4

Tunnels experiencing unexpected performance degradation #30

Open
opened 2025-09-10 14:47:25 +00:00 by Nic Elliott · 0 comments
Owner

Summary

In rare cases aggregated connections see high CPU usage and reduced throughput. This is not always due to the underlying ISP links that make up the connection itself (although link faults can still occur), but rather how the tunnels are processed and aggregated by the overall platform. Our team is investigating the underlying conditions and testing both mitigations and alternative methods to ensure stable long-term performance. We remain committed to providing high bandwidth, high performance, multi-link connectivity for internet, WAN and cloud, and this is being given the highest priority within the development team.

Technical detail

We have identified cases where OpenVPN TAP (Layer 2) tunnels are not performing as expected. Tunnels that previously performed reliably for years are now, in some rare circumstances, showing very high CPU usage and reduced bandwidth, even though the underlying links and hardware are capable of more.

Symptoms

  • High CPU load on the EVX or NFR endpoints when traffic is sent through TAPs as part of Tunnel Aggregation Groups (TAGs).
  • Lower than expected throughput, despite sufficient link speed and capacity.
  • Problem is intermittent, only occurring in certain environments or under certain workloads.

Scope

  • This issue affects Layer 2 tunnelling used as transport for TAGs.
  • Most frequently observed with OpenVPN TAP interfaces.
  • We have also seen similar reductions in performance with some GRETAP tunnels which, until now, been used where OpenVPN has had performance issues.

Background

How OpenVPN TAP consumes CPU

OpenVPN TAP tunnels run entirely in userspace, which means every Ethernet frame has to be copied from the kernel into the OpenVPN process, encrypted, and then copied back again. This repeated context switching adds significant overhead, especially for high packet-per-second workloads. CPU usage scales directly with the number of packets, and throughput can be significantly impacted, even if total available bandwidth is much higher.

Under normal circumstances our networking stack prevents CPU saturation with various queuing and calibration mechanisms so that higher latency, packet loss and lower throughput are avoided.

How GRETAP consumes CPU

GRETAP tunnels operate differently: they are implemented inside the kernel networking stack, so frames are encapsulated in GRE and forwarded without userspace involvement. This avoids the copy overhead of OpenVPN, but places more emphasis on the kernel’s packet processing pipeline.
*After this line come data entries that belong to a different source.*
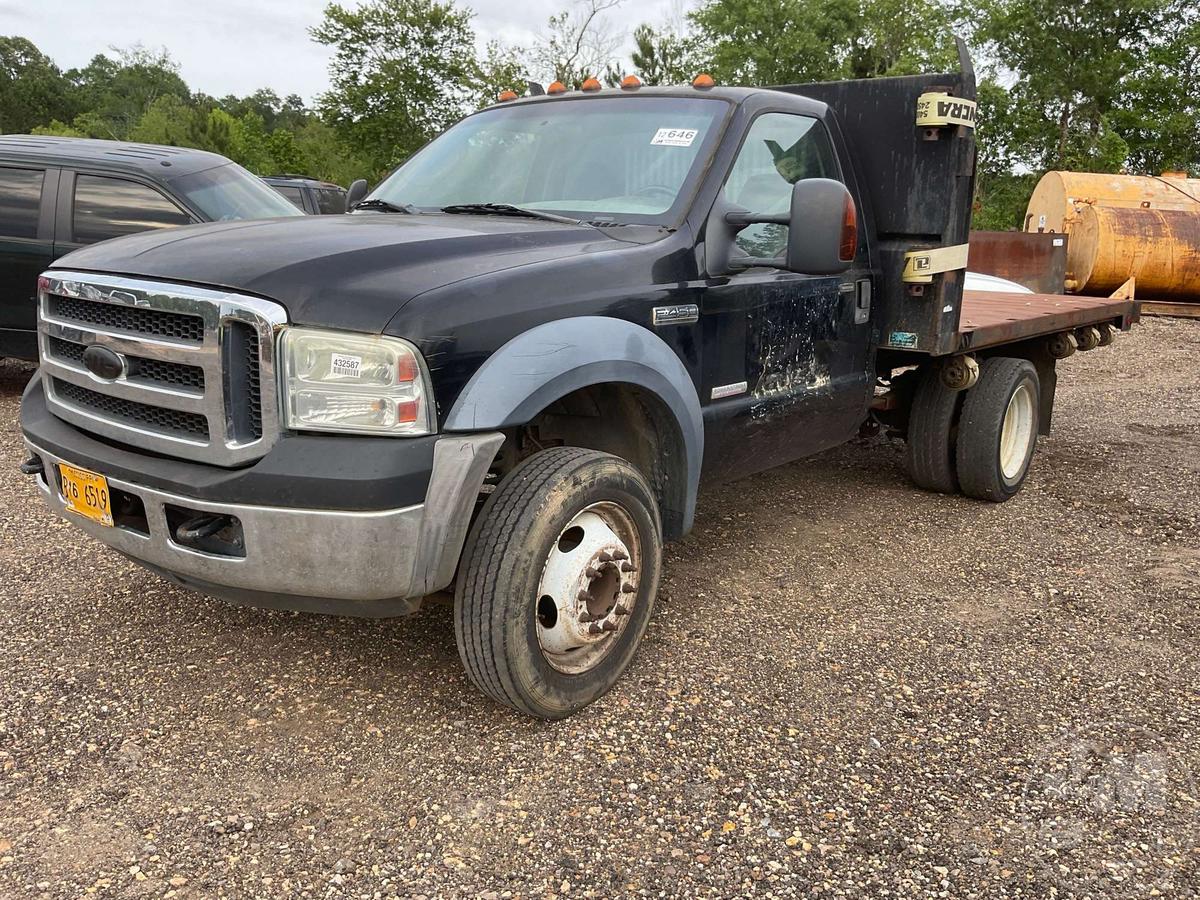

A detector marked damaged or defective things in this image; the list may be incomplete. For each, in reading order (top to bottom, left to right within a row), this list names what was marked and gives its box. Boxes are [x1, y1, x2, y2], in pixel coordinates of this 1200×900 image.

rusty orange tank [1022, 172, 1200, 303]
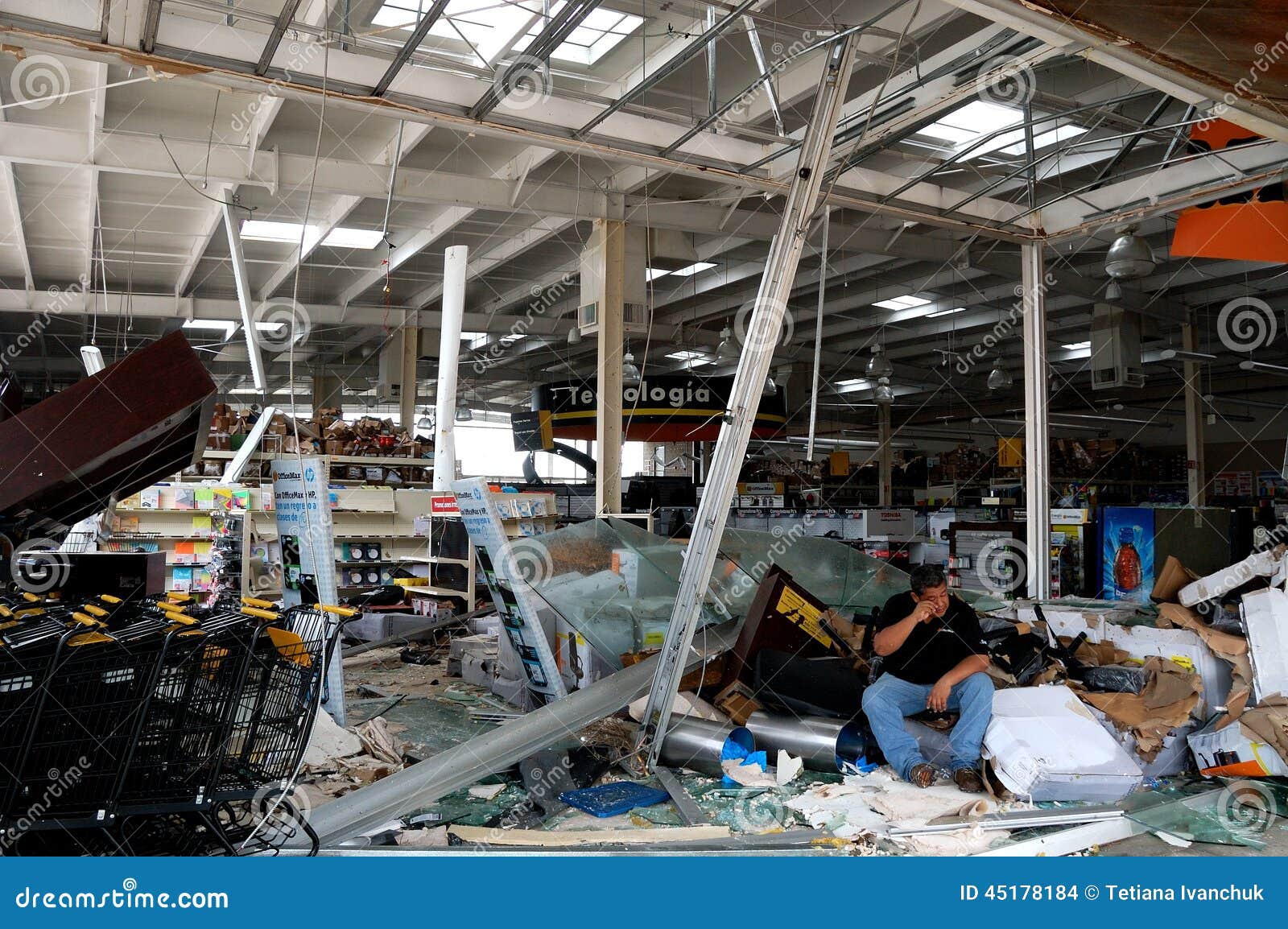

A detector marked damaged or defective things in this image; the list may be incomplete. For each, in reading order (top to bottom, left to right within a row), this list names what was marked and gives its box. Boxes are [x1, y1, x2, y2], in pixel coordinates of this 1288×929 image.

damaged computer merchandise [269, 515, 1275, 857]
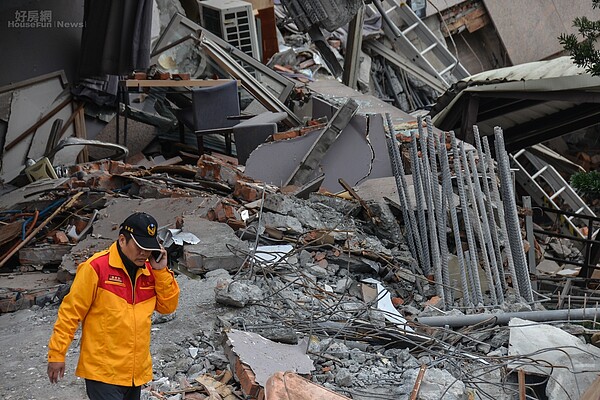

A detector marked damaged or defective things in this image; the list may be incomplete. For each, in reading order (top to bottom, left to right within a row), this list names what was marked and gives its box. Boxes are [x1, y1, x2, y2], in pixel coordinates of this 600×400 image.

broken concrete slab [184, 216, 247, 276]
broken concrete slab [508, 318, 600, 398]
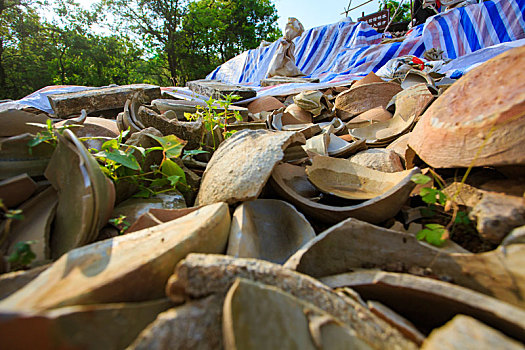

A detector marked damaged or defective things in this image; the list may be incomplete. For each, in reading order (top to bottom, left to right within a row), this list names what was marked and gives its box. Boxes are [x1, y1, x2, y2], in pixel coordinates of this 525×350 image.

broken ceramic shard [47, 84, 161, 118]
broken ceramic shard [186, 79, 256, 100]
broken ceramic shard [334, 82, 404, 121]
broken ceramic shard [350, 83, 432, 146]
broken ceramic shard [408, 45, 524, 169]
broken ceramic shard [0, 173, 37, 208]
broken ceramic shard [44, 130, 115, 258]
broken ceramic shard [195, 128, 302, 205]
broken ceramic shard [268, 162, 420, 224]
broken ceramic shard [304, 156, 416, 200]
broken ceramic shard [348, 148, 406, 173]
broken ceramic shard [2, 187, 57, 266]
broken ceramic shard [0, 202, 229, 312]
broken ceramic shard [226, 200, 316, 262]
broken ceramic shard [284, 216, 524, 308]
broken ceramic shard [0, 298, 171, 350]
broken ceramic shard [130, 296, 224, 350]
broken ceramic shard [168, 253, 418, 350]
broken ceramic shard [223, 278, 370, 350]
broken ceramic shard [322, 270, 524, 342]
broken ceramic shard [422, 314, 524, 350]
Performance is therefore more sensitive to:

  • Interrupt load on the NIC (each packet hitting an IRQ handler).
  • SoftIRQ scheduling (how the kernel handles bursts of packets).
  • Offload settings (GRO, TSO, checksum offload), which can reduce or increase CPU consumption depending on workload.

The result is that GRETAP may handle large packets more efficiently than OpenVPN TAP, but can still hit CPU limits with high rates of small packets or when interrupt moderation is not optimal.

In practice this means that while both TAP and GRETAP can exhibit high CPU usage, the nature of the load is different.

Why TAP/GRETAP are sensitive here

Although we are not carrying a full Ethernet broadcast domain across sites in most circumstances, TAP and GRETAP still encapsulate and process traffic as raw Ethernet frames. This means:

  • Per-packet overhead is higher than with Layer 3 tunnels, as every frame must be copied and encrypted in userspace.
  • Aggregation adds complexity: the Tunnel Aggregation Group distributes traffic across multiple TAP tunnels, so packet ordering, MTU alignment, and rebalancing behaviour can all influence throughput.
  • Small-packet efficiency matters: even if we aren’t carrying broadcast storms, many internet applications generate large numbers of small packets (ACKs, control messages, VoIP, etc.), which may disproportionately stress TAP-style tunnels.

Possible contributing factors

While the root cause is still under investigation, factors that may play a role include:

  • Kernel and driver changes affecting how TAP/GRETAP frames are queued and processed, especially when aggregated.
  • CPU overhead of userspace encryption, worsened by recent kernel security mitigations that add syscall/context-switch cost.
  • Crypto acceleration regressions (e.g. AES-NI not being engaged in some environments).
  • Path MTU/fragmentation behaviour between TAP tunnels and the aggregated interface.
  • Changes in traffic mix — modern applications may generate higher sustained packet-per-second loads than in the past.
  • GRETAPs use CPU in a different way to OpenVPN TAPs

These factors may combine to create a situation where TAP and GRETAP tunnels require significant CPU for modest throughput, even when the same designs previously performed well.

Current status

  • Root cause has not yet been determined.
  • The behaviour only appears in a subset of environments and under certain conditions.
  • Our development team is actively investigating, with a focus on TAP/GRETAP performance as part of an aggregated connection.
  • We are also testing alternative Layer 2 tunnelling methods to evaluate whether they are more efficient in this role as network underlay tunnel.

Next steps

  • Collect further diagnostics (packet captures, CPU profiles, MTU traces) from affected deployments.
  • Benchmark different kernel versions, cipher suites, and aggregation modes.
  • Validate whether fragmentation, reordering, or scheduling across tunnels is a contributing factor.
  • Test and evaluate alternative tunnelling technologies for long-term robustness.
  • Provide recommended mitigations and configuration guidance once findings are confirmed.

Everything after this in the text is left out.